(Source data)
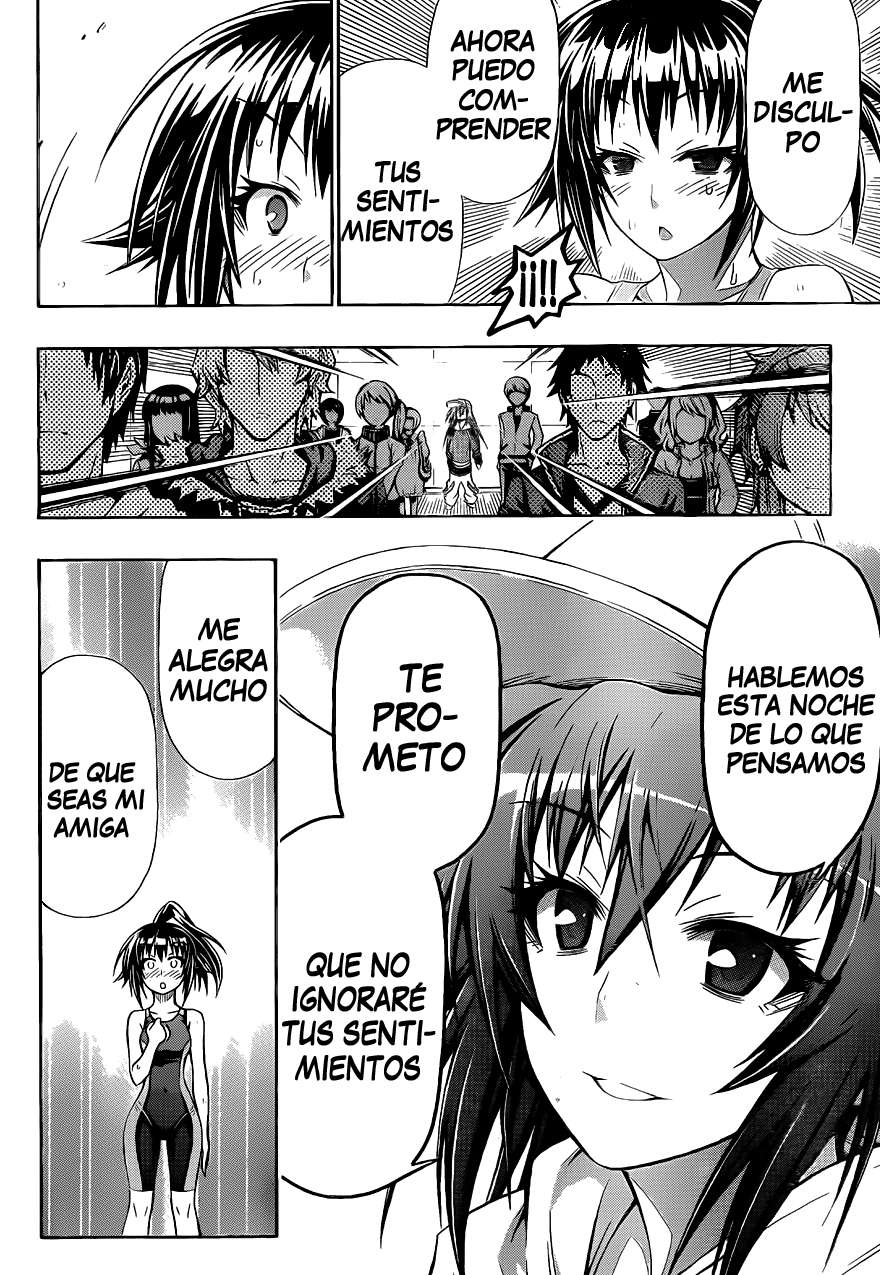 Read Medaka Box (es) Manga Online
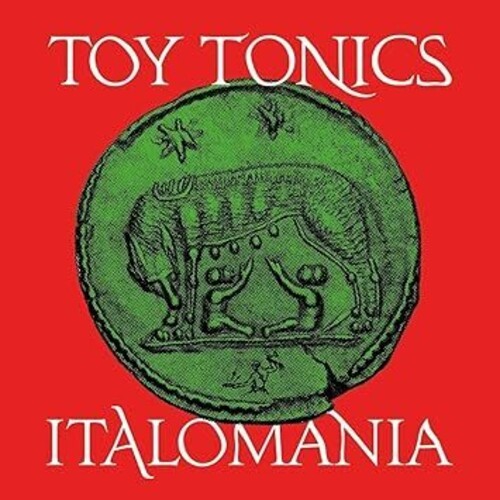 Various Artists - Italomania in der Gruppe VINYL / Rock bei Bengans Skivbutik AB (4027358)
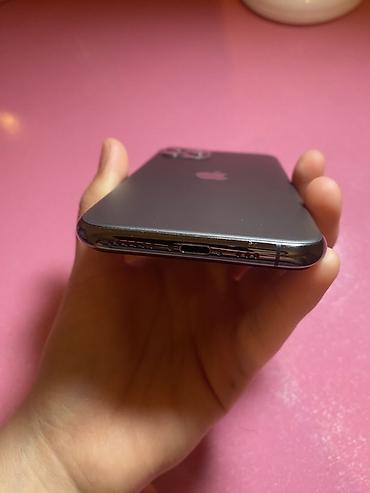 скупка компьютеров и ноутбуков: IPhone 11 Pro, Б/у, 64 ГБ, Space Gray, Зарядное устройство, Защитное стекло, Чехол, 78 % — 3
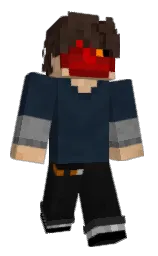Classic Minecraft skin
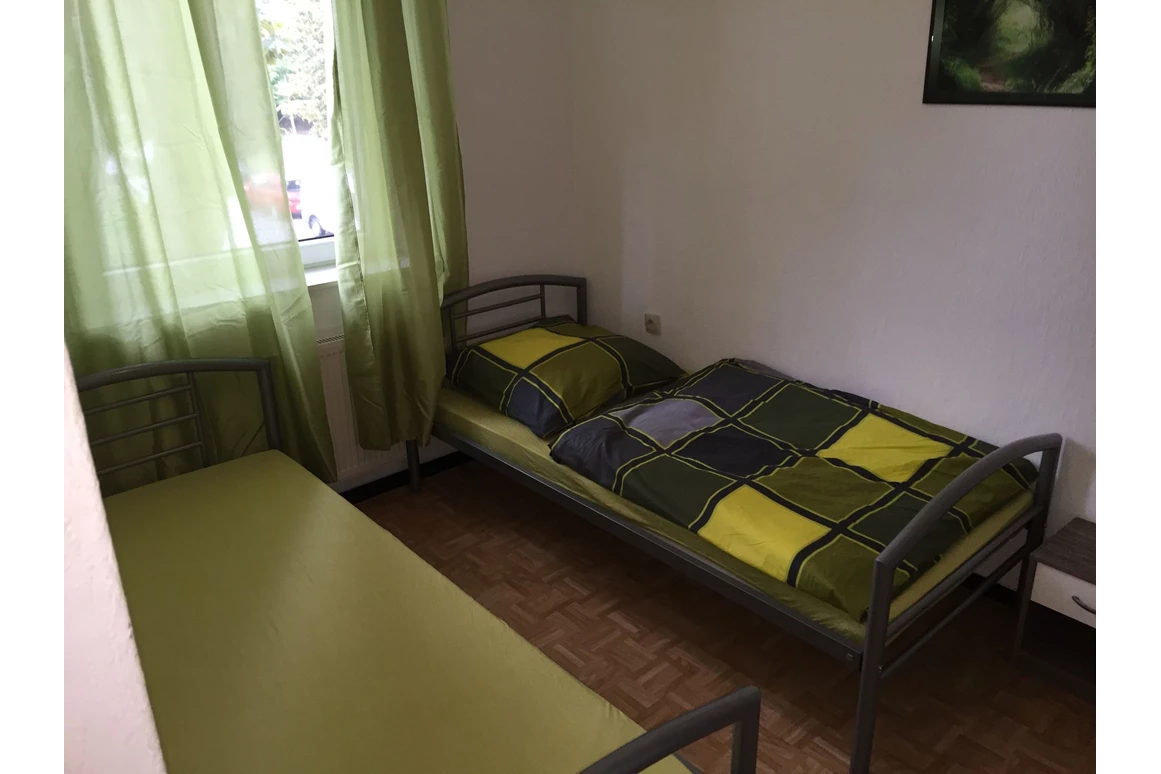 Monteurzimmer: Monteurezimmer Petrov
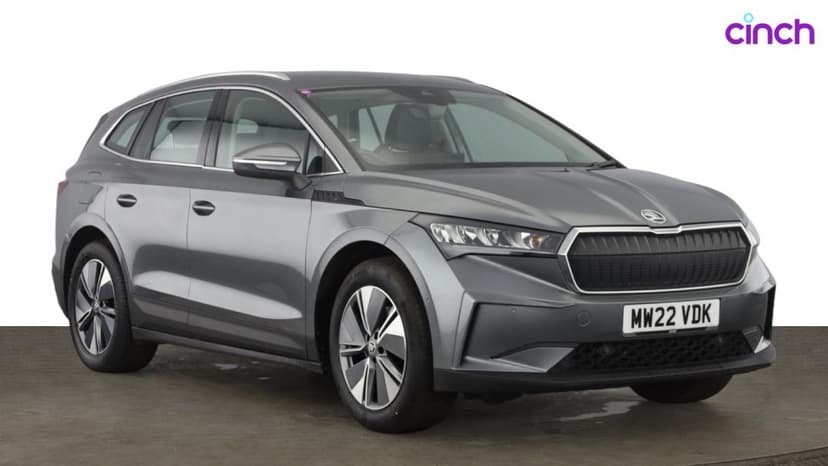SKODA ENYAQ iV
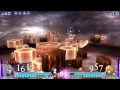 Final Fantasy Dissidia Battle: Kuja Vs Zidane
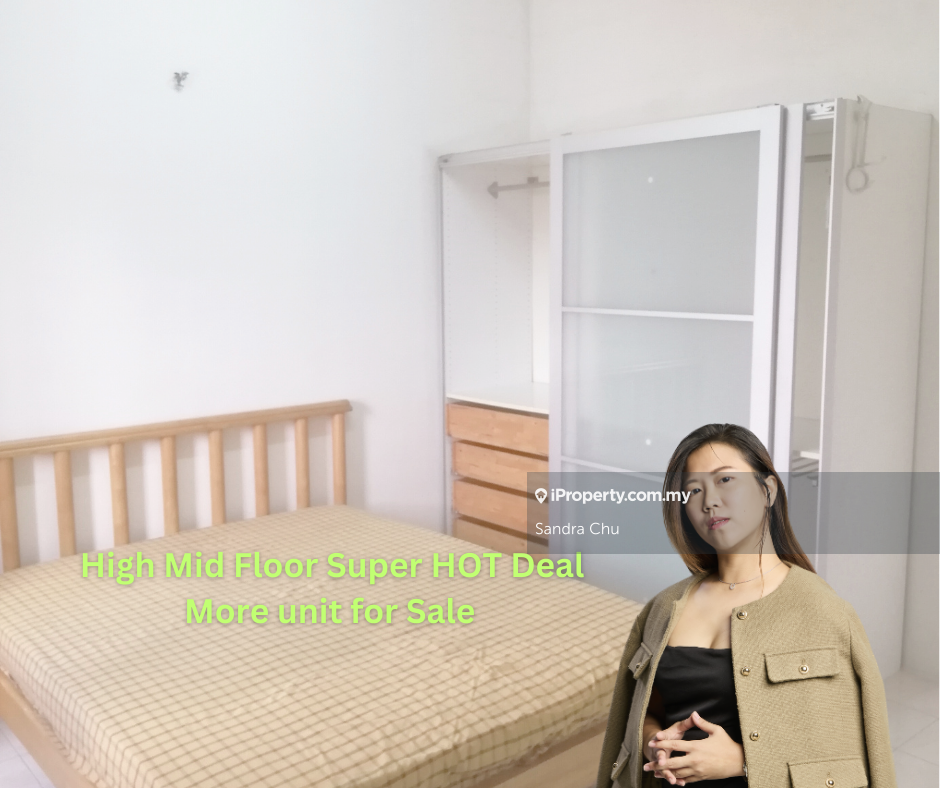 Condominium for Sale in Kiaramas Sutera by Sandra Chu - iProperty.com.my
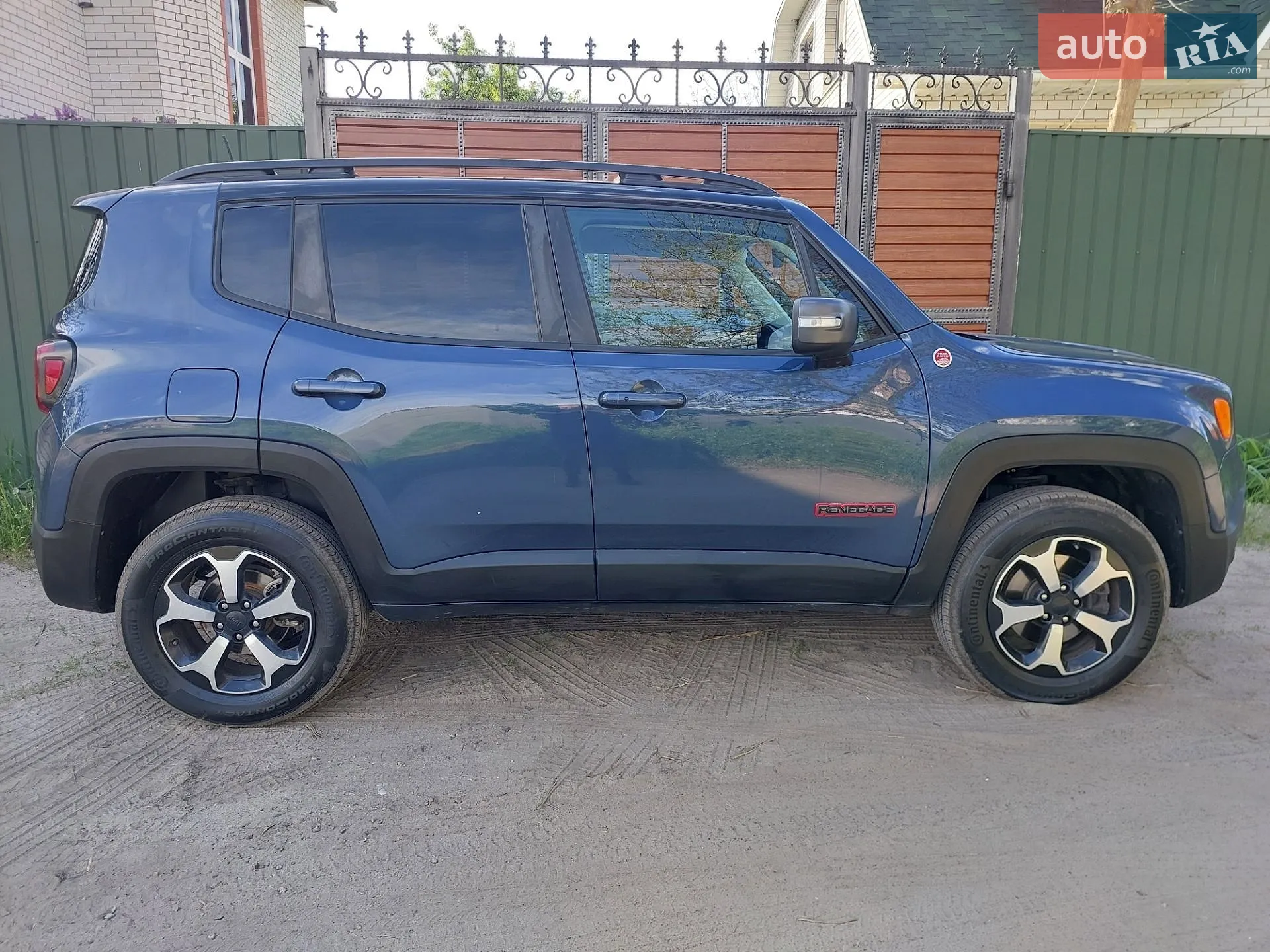 2020 Jeep Renegade - мініатюра 3
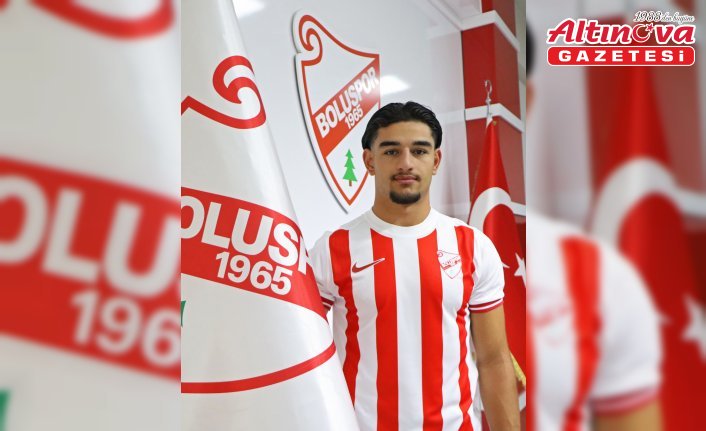 Boluspor, genç futbolcu Devran Şenyurt ile anlaştı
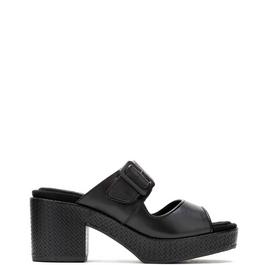 Hush Puppies Poppy Buckle Slide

** Your task **
Take the records above from the line with "Final Fantasy Dissidia" down to their last line and please copy those lines exactly, without the pictures.

** Written response **
 Final Fantasy Dissidia Battle: Kuja Vs Zidane
 Condominium for Sale in Kiaramas Sutera by Sandra Chu - iProperty.com.my
 2020 Jeep Renegade - мініатюра 3
 Boluspor, genç futbolcu Devran Şenyurt ile anlaştı
 Hush Puppies Poppy Buckle Slide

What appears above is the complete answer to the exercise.